Por ejemplo, desde la iglesia que hace unos días sirvió de improvisado y aireado salón donde se presentaron nuestros libros de medievales ecos, se puede subir por estrecha escalera de caracol a lo alto de la torre que el templo tiene adosada, y que permite aún mejor perspectiva, sobre el Tajo, la Alcarria y el propio castillo.

En la escarpadura del valle del Bodujo se alza, orgullosa e imbatible, la torre albarrana, en la que aún se lee con nitidez la frase que recuerda al maestre calatravo Pero Díaz, y en pasmo unánime se ven los sistemas defensivos de la torre, por donde se podían lanzar flechas, aceites, perros, todo lo imaginable para defenderse de cualquier ataque inesperado.

Y en fin sus ángulos. Se mira por donde se mire, el castillo de Zorita corta y en sus perfiles domina el viento, las luces de amaneceres y ocasos, los olvidos.
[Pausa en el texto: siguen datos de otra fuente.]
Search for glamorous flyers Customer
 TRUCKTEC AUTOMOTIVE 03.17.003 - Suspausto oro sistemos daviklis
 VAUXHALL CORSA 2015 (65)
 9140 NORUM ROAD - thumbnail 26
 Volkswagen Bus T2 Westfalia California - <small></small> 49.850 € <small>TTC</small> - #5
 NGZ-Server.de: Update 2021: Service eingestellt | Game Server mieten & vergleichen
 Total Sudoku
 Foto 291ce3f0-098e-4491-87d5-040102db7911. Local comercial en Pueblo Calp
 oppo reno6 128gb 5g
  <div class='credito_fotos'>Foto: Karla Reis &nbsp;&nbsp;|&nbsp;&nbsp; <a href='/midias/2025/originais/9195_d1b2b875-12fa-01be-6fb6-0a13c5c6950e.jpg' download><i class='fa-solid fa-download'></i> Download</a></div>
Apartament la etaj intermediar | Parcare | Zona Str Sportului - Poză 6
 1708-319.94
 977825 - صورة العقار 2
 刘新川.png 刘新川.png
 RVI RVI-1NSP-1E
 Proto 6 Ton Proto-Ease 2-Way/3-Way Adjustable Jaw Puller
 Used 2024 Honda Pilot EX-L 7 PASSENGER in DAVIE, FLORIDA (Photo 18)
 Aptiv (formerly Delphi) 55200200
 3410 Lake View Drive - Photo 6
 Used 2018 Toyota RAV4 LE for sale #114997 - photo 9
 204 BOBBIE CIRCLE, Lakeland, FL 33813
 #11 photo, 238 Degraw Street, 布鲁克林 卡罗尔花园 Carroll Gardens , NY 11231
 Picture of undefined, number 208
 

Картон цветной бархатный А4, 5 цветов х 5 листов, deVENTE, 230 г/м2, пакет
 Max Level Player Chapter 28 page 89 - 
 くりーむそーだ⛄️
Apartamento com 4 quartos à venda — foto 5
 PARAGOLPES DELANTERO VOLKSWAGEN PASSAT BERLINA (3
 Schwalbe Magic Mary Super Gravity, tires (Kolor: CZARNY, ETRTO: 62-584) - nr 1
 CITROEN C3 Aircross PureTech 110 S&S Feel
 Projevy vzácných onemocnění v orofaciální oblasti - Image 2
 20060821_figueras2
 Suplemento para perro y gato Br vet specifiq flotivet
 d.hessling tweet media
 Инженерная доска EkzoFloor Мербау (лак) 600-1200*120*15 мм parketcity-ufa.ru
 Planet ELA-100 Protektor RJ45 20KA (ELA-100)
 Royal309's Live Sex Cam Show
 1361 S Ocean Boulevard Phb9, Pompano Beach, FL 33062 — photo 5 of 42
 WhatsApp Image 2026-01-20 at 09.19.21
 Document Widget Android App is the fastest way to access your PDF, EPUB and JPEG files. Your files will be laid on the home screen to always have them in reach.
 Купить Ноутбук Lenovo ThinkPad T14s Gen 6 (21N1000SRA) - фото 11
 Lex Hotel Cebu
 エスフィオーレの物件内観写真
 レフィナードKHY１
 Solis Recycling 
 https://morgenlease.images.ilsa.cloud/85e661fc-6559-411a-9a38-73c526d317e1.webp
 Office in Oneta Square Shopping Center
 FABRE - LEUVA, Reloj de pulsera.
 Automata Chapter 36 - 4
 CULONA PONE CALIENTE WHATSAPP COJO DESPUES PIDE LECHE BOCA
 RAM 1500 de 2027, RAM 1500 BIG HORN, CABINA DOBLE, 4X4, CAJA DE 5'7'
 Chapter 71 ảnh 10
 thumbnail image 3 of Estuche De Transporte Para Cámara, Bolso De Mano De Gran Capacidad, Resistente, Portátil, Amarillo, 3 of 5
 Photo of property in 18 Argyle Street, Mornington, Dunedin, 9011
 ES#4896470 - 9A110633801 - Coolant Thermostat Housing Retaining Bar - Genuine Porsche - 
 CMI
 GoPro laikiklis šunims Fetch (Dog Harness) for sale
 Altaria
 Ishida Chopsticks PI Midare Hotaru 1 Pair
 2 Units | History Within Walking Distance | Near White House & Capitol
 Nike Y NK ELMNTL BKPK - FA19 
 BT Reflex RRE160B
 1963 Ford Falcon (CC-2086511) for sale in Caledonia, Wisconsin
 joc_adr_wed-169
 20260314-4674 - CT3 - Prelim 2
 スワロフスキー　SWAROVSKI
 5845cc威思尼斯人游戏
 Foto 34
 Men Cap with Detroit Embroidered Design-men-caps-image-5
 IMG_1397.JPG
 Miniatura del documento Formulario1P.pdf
Alzado eternamente, joven y poderoso siempre, ahora se encuentra con que en el pueblo todos, desde su alcalde Dionisio Muñoz, concejales, niños y paseantes, le quieren y le protegen, y piden a quien se acerque hasta allí que diga a otros que Zorita existe, que esa maravilla de arquitectura e historia se alza en la Alcarria y merece ser visitada, recordada, dibujada en la memoria de quien tenga un mínimo de sensibilidad.